INPUT FOR THIS TASK: Begin

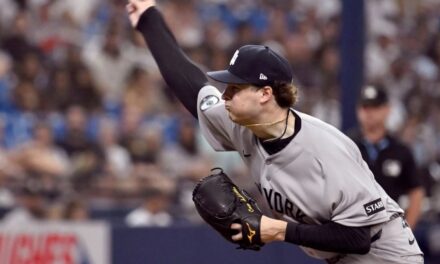 Caballero conecta 2 jonrones y Schlittler lanza 8 entradas en la victoria de los Yankees sobre los Rays por 5-1.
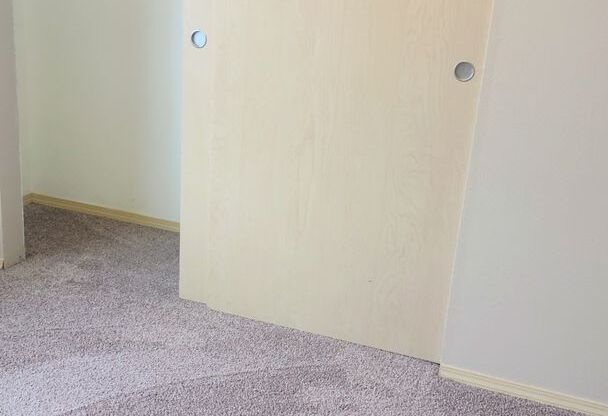 3 beds, 2 baths, 1,172 sqft, $1,695, Unit 253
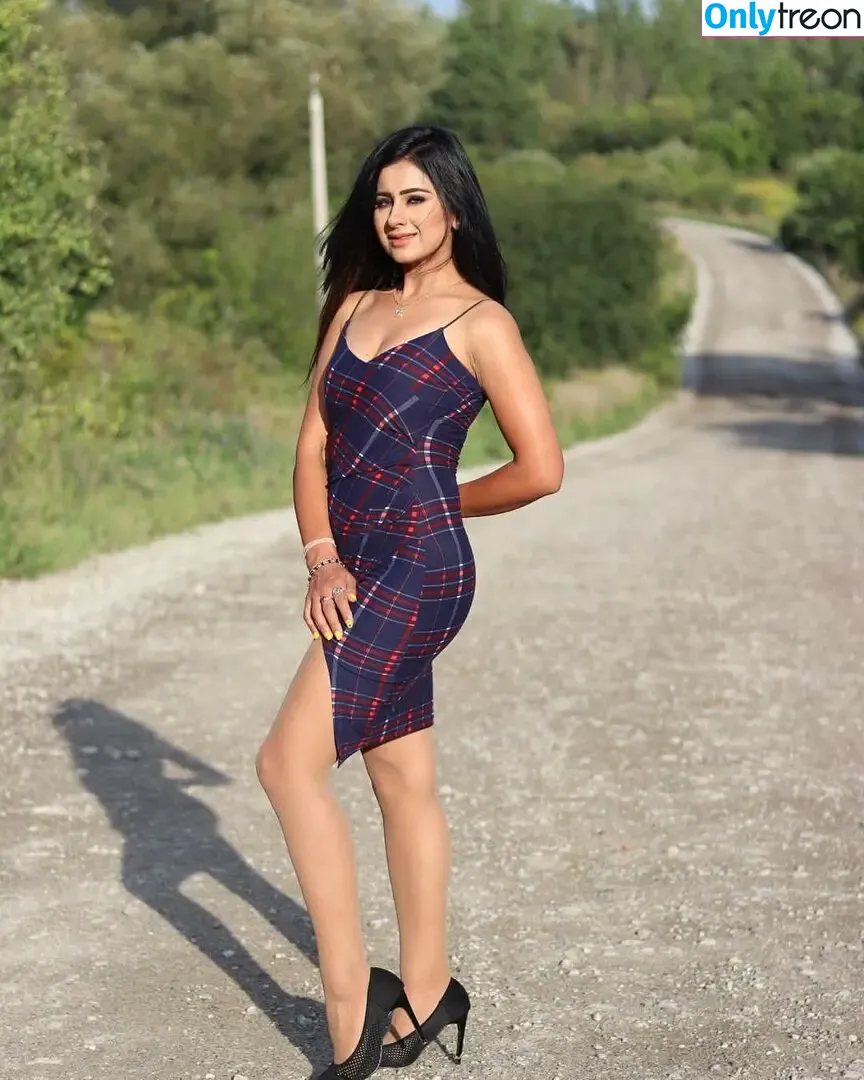 Meetii Kalher голая photo #0837 (meetiikalher)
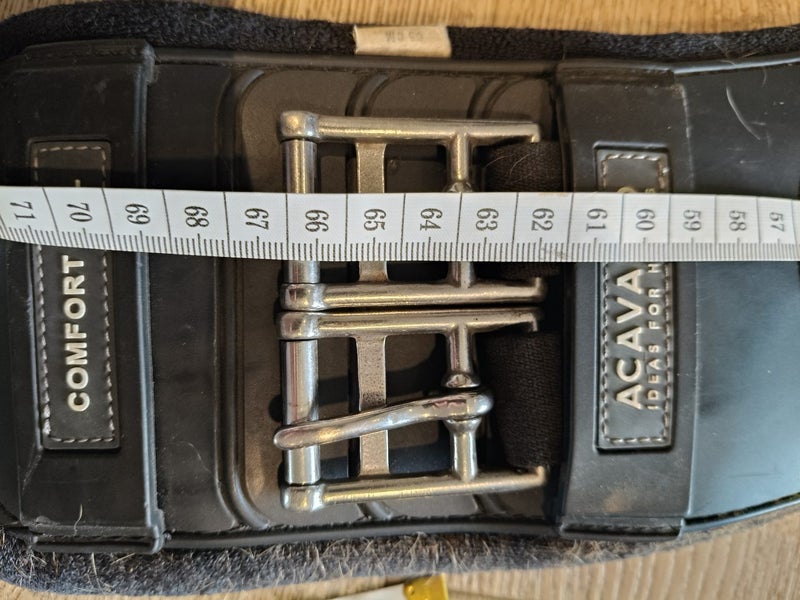 Acavello anatomical gel dressage girth Carousel 5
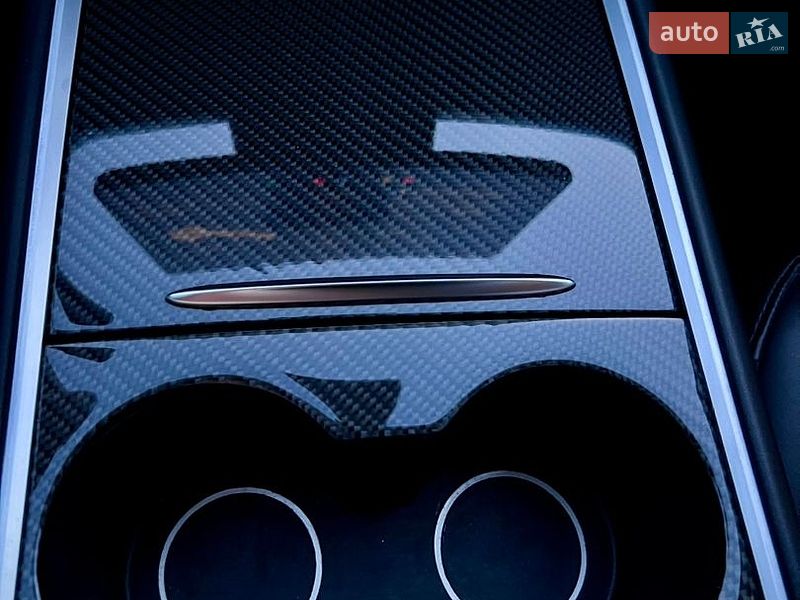 Седан Tesla Model 3 2021 в Києві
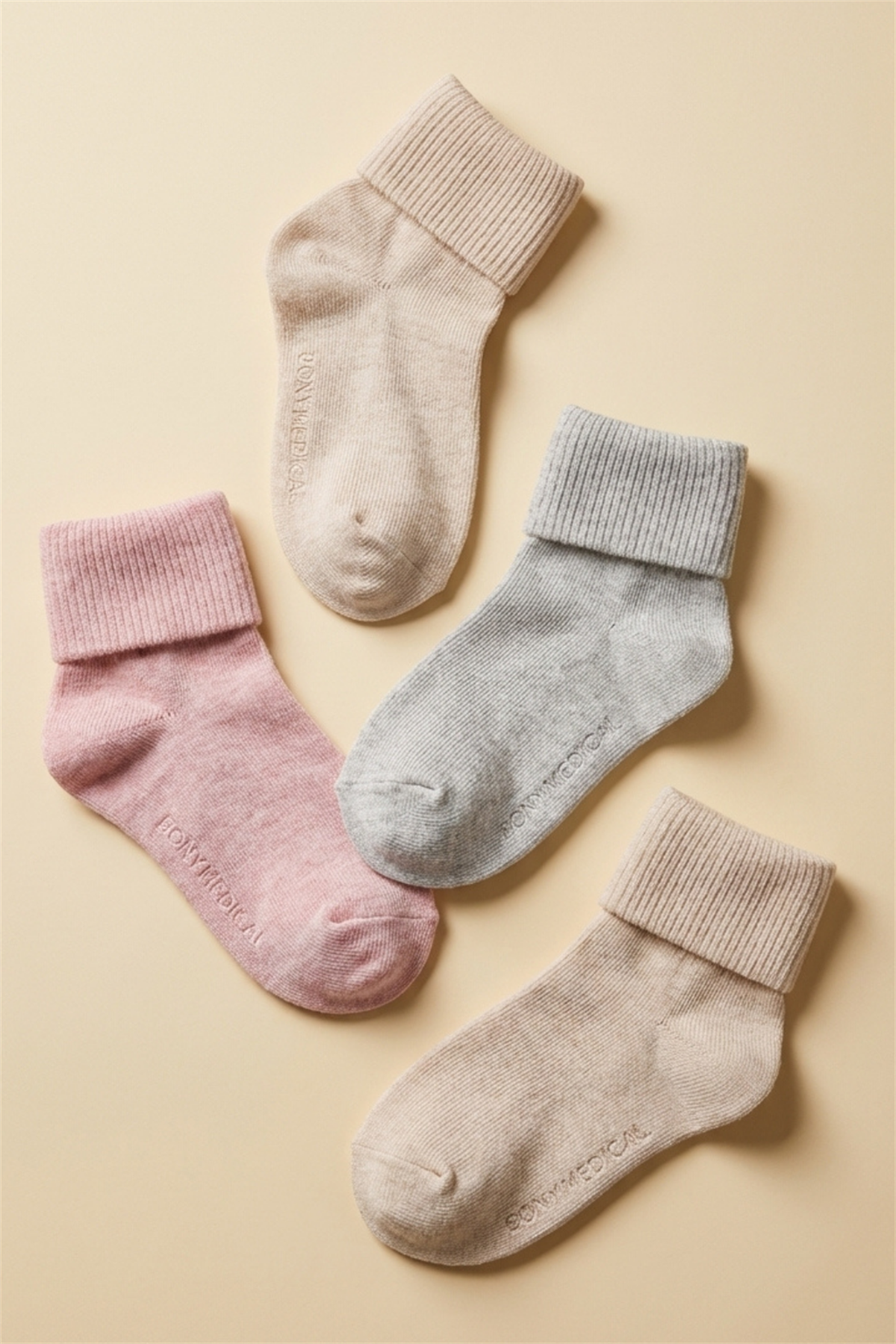 3 lü Paket Medikal Bebek Çorap Pembe Desenli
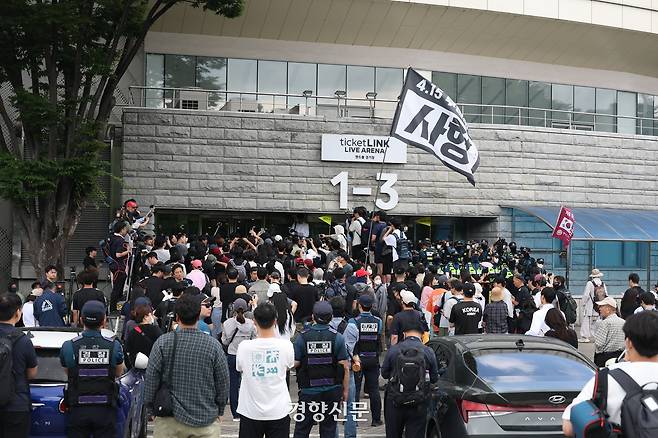 투표용지 부족 사태가 발생한 서울 송파구 잠실7동 제2투표소에서 올림픽공원 핸드볼경기장으로 투표함이 이송돼 개표가 시작된 지난 5일 시위대와 경찰이 대치하고 있다. 권도현 기자
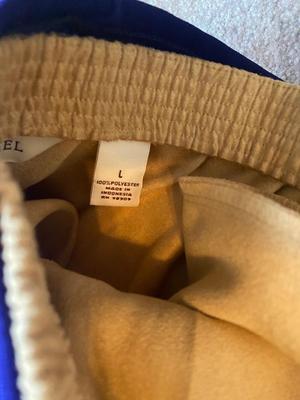 LADIES WEAR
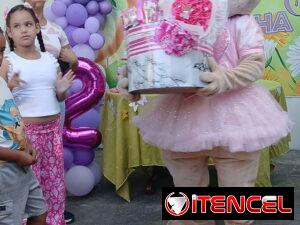 2003eefdb92db874e43a69ba55d93d8d173097799c83283f7ee631083679c978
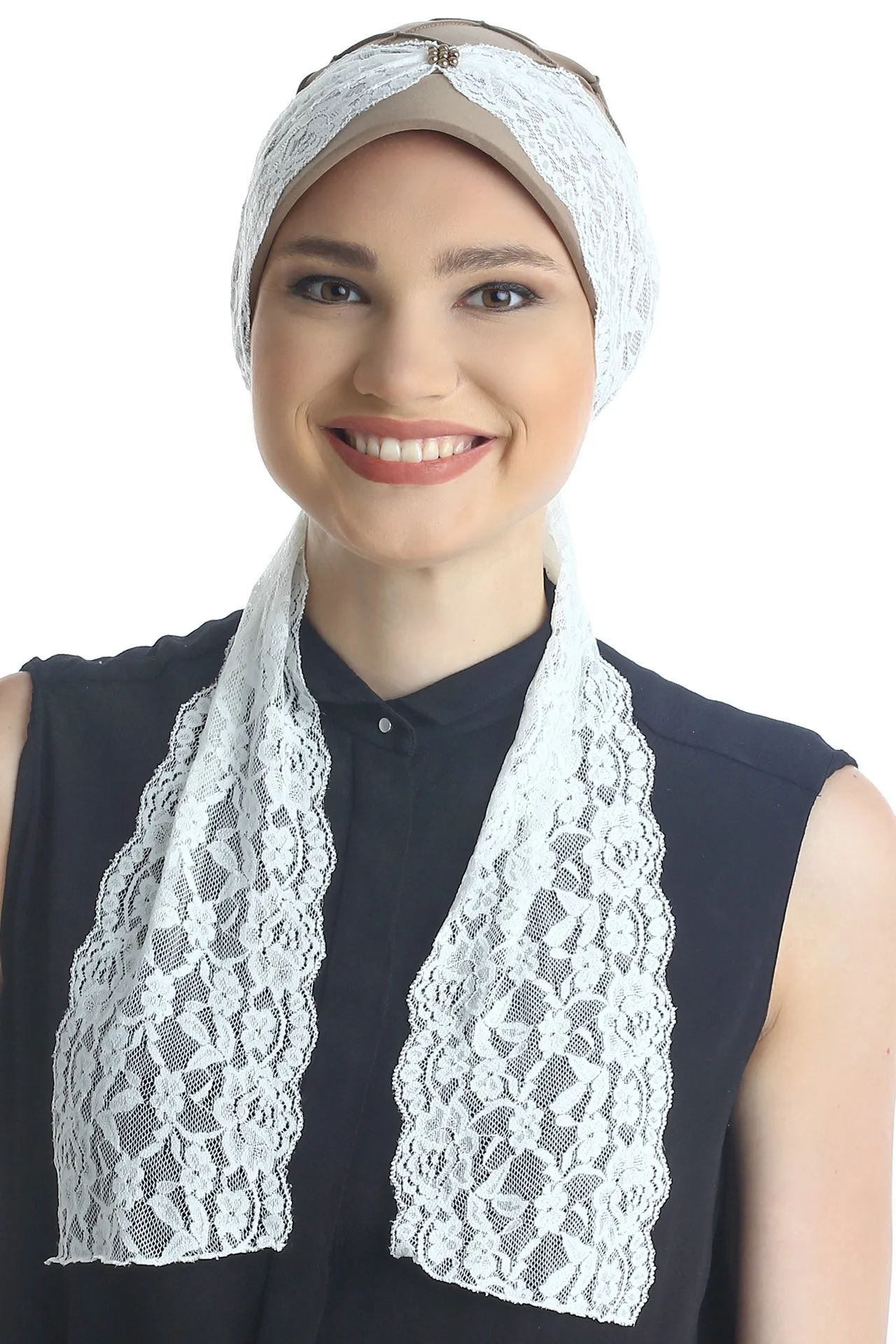 Diamond Patterned Hat with Long Lace Tails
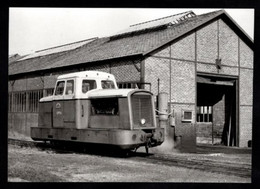 Train Chemin De Fer BVA 592 1 Saint Valery Canal Le Tracteur 352 Fait Le Plein - Saint Valery Sur Somme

INPUT FOR THIS TASK: End

= WORK TASK =
Take the line containing "Acavello anatomical gel" as the first and the last line of the records as the end. Print every line in that span exactly, leaving out pictures.

= RESPONSE TO THIS EXERCISE =
 Acavello anatomical gel dressage girth Carousel 5
 Седан Tesla Model 3 2021 в Києві
 3 lü Paket Medikal Bebek Çorap Pembe Desenli
 투표용지 부족 사태가 발생한 서울 송파구 잠실7동 제2투표소에서 올림픽공원 핸드볼경기장으로 투표함이 이송돼 개표가 시작된 지난 5일 시위대와 경찰이 대치하고 있다. 권도현 기자
 LADIES WEAR
 2003eefdb92db874e43a69ba55d93d8d173097799c83283f7ee631083679c978
 Diamond Patterned Hat with Long Lace Tails
 Train Chemin De Fer BVA 592 1 Saint Valery Canal Le Tracteur 352 Fait Le Plein - Saint Valery Sur Somme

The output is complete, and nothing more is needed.